Hence we cannot refuse to acknowledge that the two kinds of essentially
different psychic processes participate in the formation of the dream;
one forms perfectly correct dream thoughts which are equivalent to
normal thoughts, while the other treats these ideas in a highly
surprising and incorrect manner. The latter process we have already set
apart as the dream-work proper. What have we now to advance concerning
this latter psychic process?
We should be unable to answer this question here if we had not
penetrated considerably into the psychology of the neuroses and
especially of hysteria. From this we learn that the same incorrect
psychic processes--as well as others that have not been
enumerated--control the formation of hysterical symptoms. In hysteria,
too, we at once find a series of perfectly correct thoughts equivalent
to our conscious thoughts, of whose existence, however, in this form we
can learn nothing and which we can only subsequently reconstruct. If
they have forced their way anywhere to our perception, we discover from
the analysis of the symptom formed that these normal thoughts have been
subjected to abnormal treatment and _have been transformed into the
symptom by means of condensation and compromise formation, through
superficial associations, under cover of contradictions, and eventually
over the road of regression_. In view of the complete identity found
between the peculiarities of the dream-work and of the psychic activity
forming the psychoneurotic symptoms, we shall feel justified in
transferring to the dream the conclusions urged upon us by hysteria.
From the theory of hysteria we borrow the proposition that _such an
abnormal psychic elaboration of a normal train of thought takes place
only when the latter has been used for the transference of an
unconscious wish which dates from the infantile life and is in a state
of repression_. In accordance with this proposition we have construed
the theory of the dream on the assumption that the actuating dream-wish
invariably originates in the unconscious, which, as we ourselves have
admitted, cannot be universally demonstrated though it cannot be
refuted. But in order to explain the real meaning of the term
_repression_, which we have employed so freely, we shall be obliged to
make some further addition to our psychological construction.

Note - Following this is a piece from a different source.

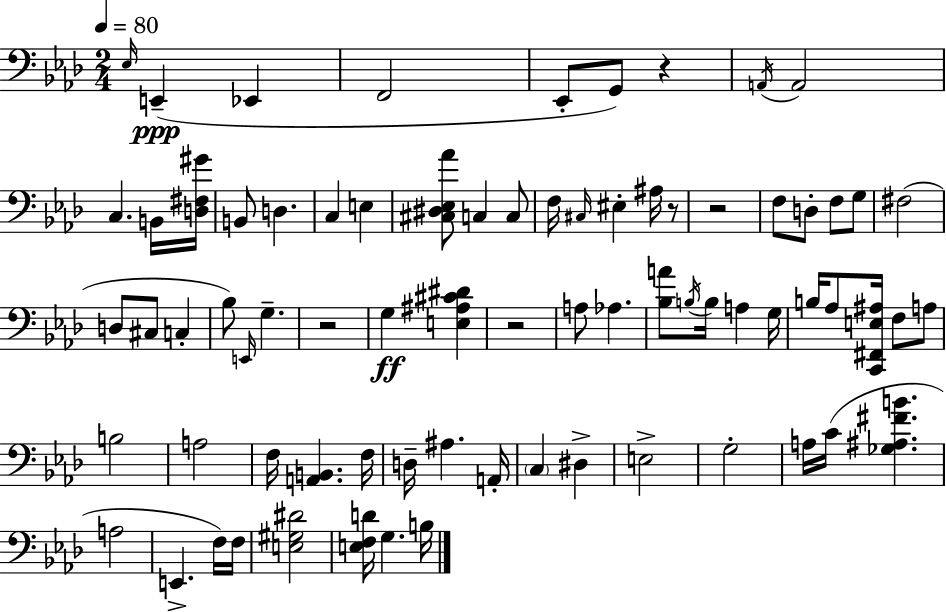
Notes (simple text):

Eb3/s E2/q Eb2/q F2/h Eb2/e G2/e R/q A2/s A2/h C3/q. B2/s [D3,F#3,G#4]/s B2/e D3/q. C3/q E3/q [C#3,D#3,Eb3,Ab4]/e C3/q C3/e F3/s C#3/s EIS3/q A#3/s R/e R/h F3/e D3/e F3/e G3/e F#3/h D3/e C#3/e C3/q Bb3/e E2/s G3/q. R/h G3/q [E3,A#3,C#4,D#4]/q R/h A3/e Ab3/q. [Bb3,A4]/e B3/s B3/s A3/q G3/s B3/s Ab3/e [C2,F#2,E3,A#3]/s F3/e A3/e B3/h A3/h F3/s [A2,B2]/q. F3/s D3/s A#3/q. A2/s C3/q D#3/q E3/h G3/h A3/s C4/s [Gb3,A#3,F#4,B4]/q. A3/h E2/q. F3/s F3/s [E3,G#3,D#4]/h [E3,F3,D4]/s G3/q. B3/s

We have above elaborated the fiction of a primitive psychic apparatus,
whose work is regulated by the efforts to avoid accumulation of
excitement and as far as possible to maintain itself free from
excitement. For this reason it was constructed after the plan of a
reflex apparatus; the motility, originally the path for the inner bodily
change, formed a discharging path standing at its disposal. We
subsequently discussed the psychic results of a feeling of
gratification, and we might at the same time have introduced the second
assumption, viz. that accumulation of excitement--following certain
modalities that do not concern us--is perceived as pain and sets the
apparatus in motion in order to reproduce a feeling of gratification in
which the diminution of the excitement is perceived as pleasure. Such a
current in the apparatus which emanates from pain and strives for
pleasure we call a wish. We have said that nothing but a wish is capable
of setting the apparatus in motion, and that the discharge of excitement
in the apparatus is regulated automatically by the perception of
pleasure and pain. The first wish must have been an hallucinatory
occupation of the memory for gratification. But this hallucination,
unless it were maintained to the point of exhaustion, proved incapable
of bringing about a cessation of the desire and consequently of securing
the pleasure connected with gratification.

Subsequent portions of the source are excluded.